- Exercise -
All of the data should be copied exactly, with the pictures left out.

- Supplied material -
········

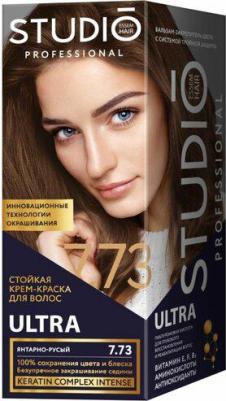 Комплект ULTRA 12.8 ультрасветлый серебристо-розовый блонд 2*50+15 мл – фото 10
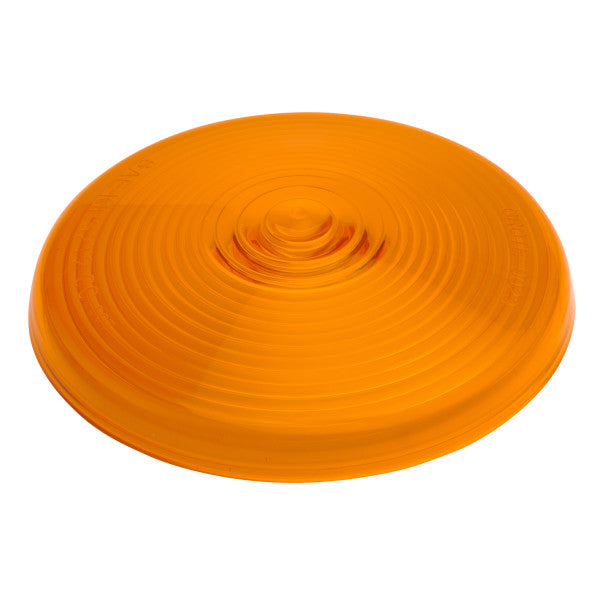 LTG 90233 Grote Stop Tail Turn Replacement Lens (Pedestal Round, Amber)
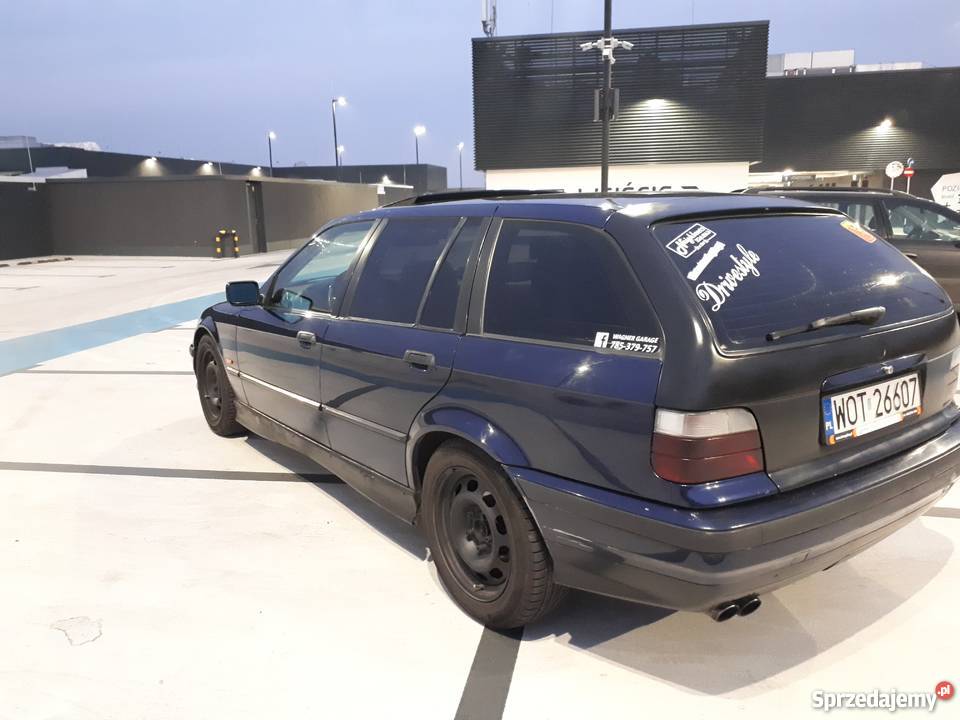 Sprzedam BMW e36 touring 20 LPG Warszawa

········

- Final answer -
 Комплект ULTRA 12.8 ультрасветлый серебристо-розовый блонд 2*50+15 мл – фото 10
 LTG 90233 Grote Stop Tail Turn Replacement Lens (Pedestal Round, Amber)
 Sprzedam BMW e36 touring 20 LPG Warszawa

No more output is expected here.